TV-Serie „Boardwalk Empire“: Wo der Kämmerer auch schmuggelt

Scorseses „Boardwalk Empire“ zeigt, wozu Fernsehen in der Lage ist.

New York. Es sind die immer gleichen Rituale: Männer an Restauranttischen, Sätze, in denen jedes Wort das letzte sein kann, ein Nicken, das den ungeschriebenen Vertrag besiegelt.

Und dann die Gewalt, in der sich alles explosionsartig auflöst, ein himmelschreiender Widerspruch zur romantischen Verklärung von Familie und Männerfreundschaft. Loyalität hört dort auf, wo das große Geldverdienen beginnt.

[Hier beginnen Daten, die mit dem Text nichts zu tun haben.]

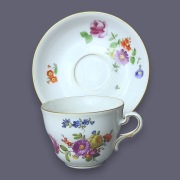 Filiżanka Augarten Wiedeń Kwiaty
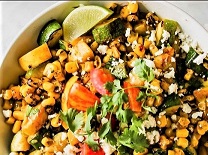 Squash & Corn Salad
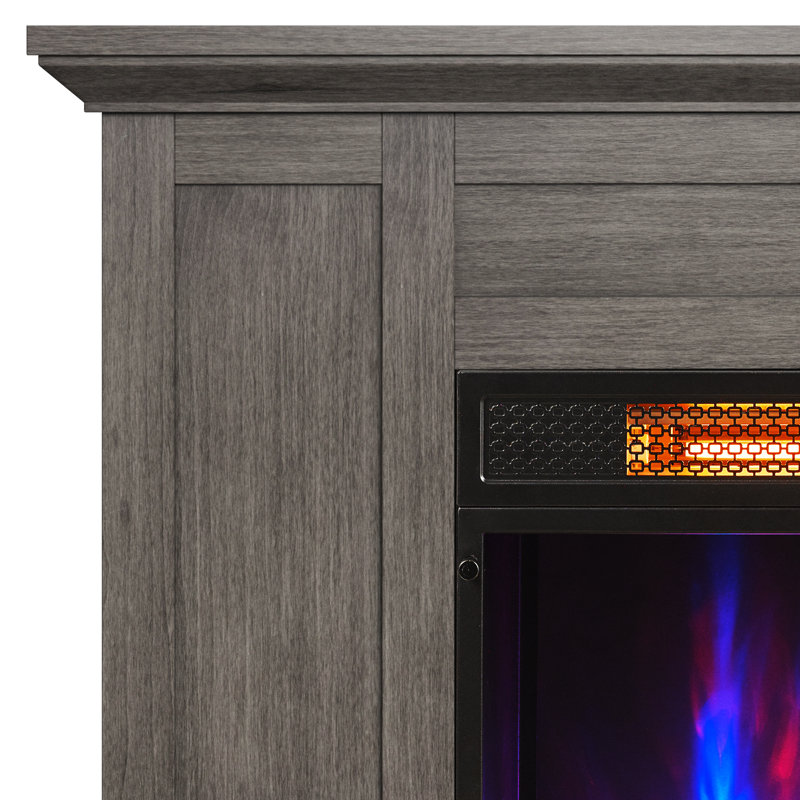 Foyer électrique duraflame, gris vieilli
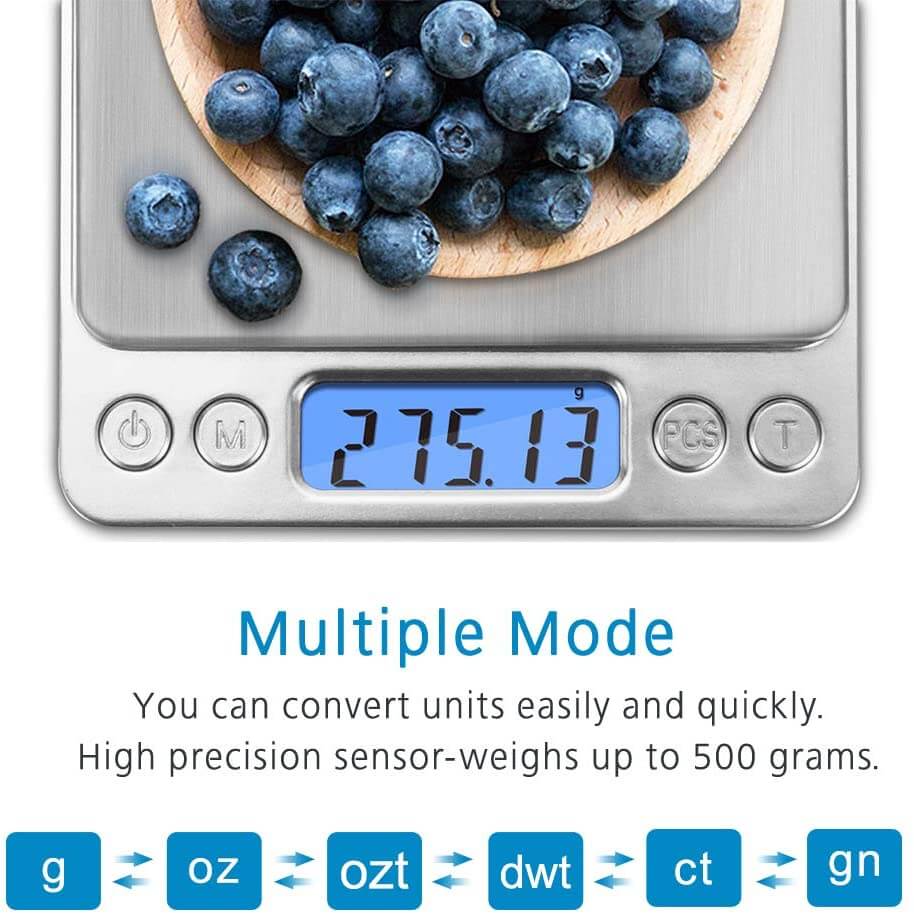 Digital Scales Digital Kitchen Scale Toprime 500g 0.01g High Precision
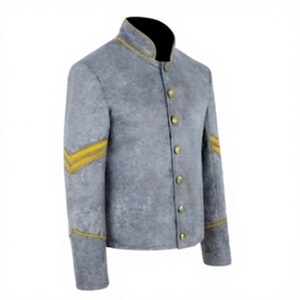 Chaqueta de Estilo Civil para Hombre, 100% Lana, Cierre de un Solo Botón, Uniforme Histórico, Traje de Invierno - Product Image 5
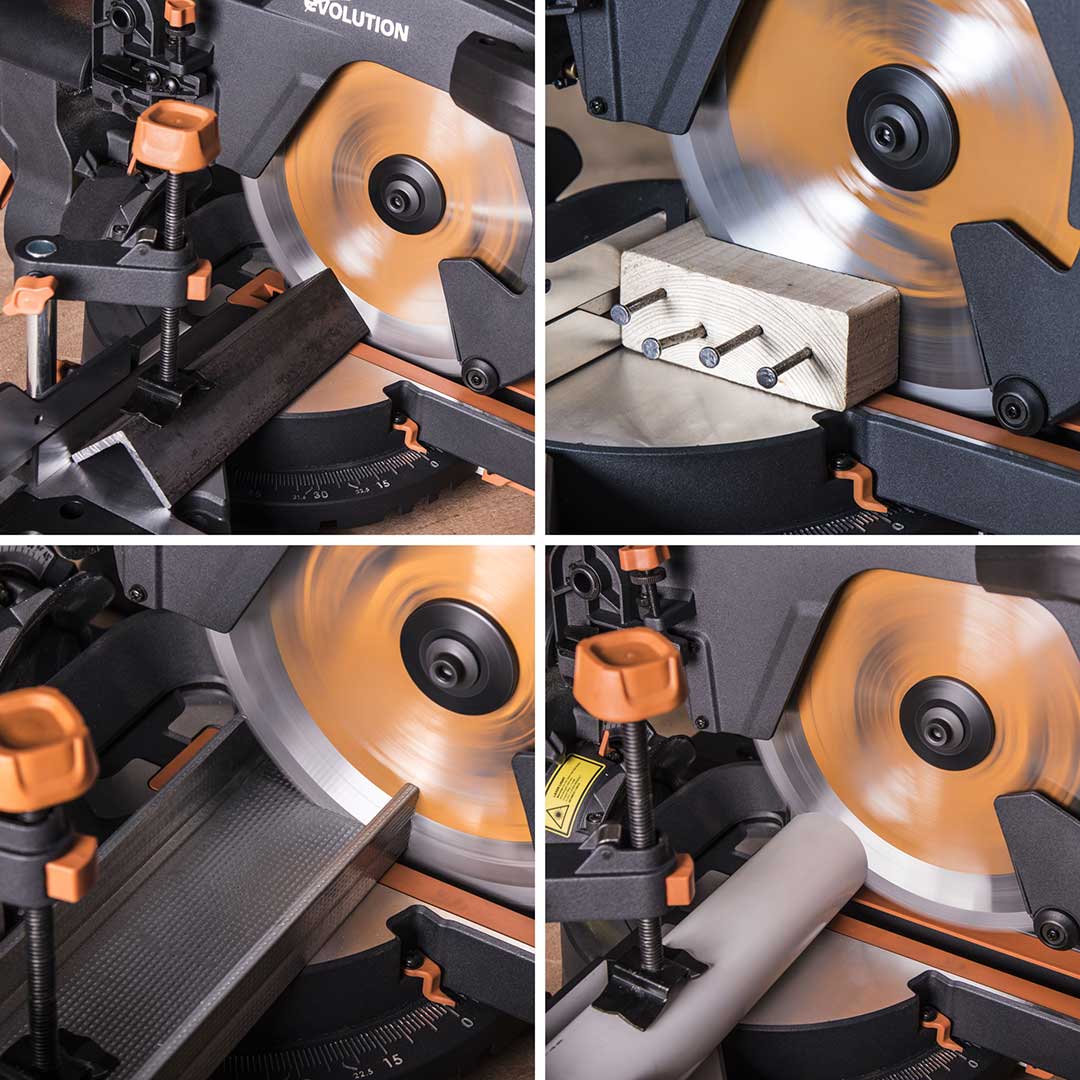 Fierastrau circular stationar multifunctional Evolution R255SMS+ 255mm 2000W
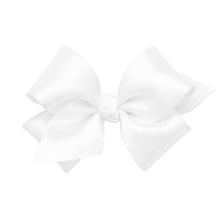 Load image into Gallery viewer, Wee Ones Small French Satin Hair Bow (Knot Wrap)- Pinch Clip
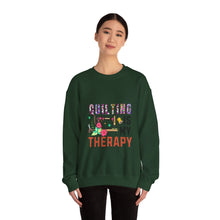 Floral Quilting is My Therapy Unisex Heavy Blend™ Crewneck Sweatshirt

Kein Genre verfügt über ein so reichhaltiges Repertoire an wiederkehrenden Themen und Symbolen wie der Mafiafilm. Und kein Regisseur, außer vielleicht Francis Ford Coppola mit seinen „Paten“, hat dieses Repertoire so geprägt wie Martin Scorsese. In den 90er Jahren hat er mit „GoodFellas“ und „Casino“ den Aufstieg und Niedergang der feinen Gesellschaft durchdekliniert.

Nun nehmen er und Terence Winter („The Sopranos“) sich eine ganze TV-Serie lang Zeit, die den cineastischen Meisterwerken so nah kommt, dass „Die Welt“ schon fürchtete, sie könne „das Kino ruinieren“.

Selbst wenn es nicht so weit kommt: „Boardwalk Empire“ zeigt, wozu Fernsehen heute fähig ist. 8 Millionen Dollar hat allein der von Scorsese inszenierte Pilotfilm gekostet, und jeden Cent davon sieht man. Eine komplette Strandpromenade, eben den „Boardwalk“, haben die Macher nachgebaut, sie stellt das Atlantic City des Jahres 1920 dar.

Die komplexe Handlung mit dutzenden Figuren beginnt am Vorabend der Prohibition: Das Alkoholverbot macht den Weg frei für das organisierte Verbrechen.

Diese historisch verbürgte Geschichte wurde bislang in Kino und Literatur selten erzählt. Dabei ist sie eine Fundgrube für alles, was Filme spannend macht: Verbrechen, Verführung und Verstrickungen, politische Intrigen und menschliche Schicksale. Getragen wird all das von Schauspielern wie Steve Buscemi und Michael Pitt, die man sonst nur im Kino sieht.

Scorseses Einstieg ist zugleich ein Symbol. Wenn er, der seit bald 40 Jahren im Olymp des Films zu Hause ist, jetzt Fernsehen macht, dann sind TV-Serien endgültig zur eigenständigen Kunstform geworden. Diese Entwicklung fing vor zwölf Jahren mit den „Sopranos“ an, einer Familienserie über das Ende der Mafia. „Boardwalk Empire“ erzählt davon, wie alles begann.

„Boardwalk Empire“ ist ab Freitag auf DVD und Blu-ray erhältlich (Warner Home Video, 12 Folgen auf fünf Discs, 673 Minuten, FSK ab 16). Die Blu-rays lassen sich in einem speziellen Modus abspielen, der während jeder Folge historische Hintergründe und Making-of-Szenen liefert.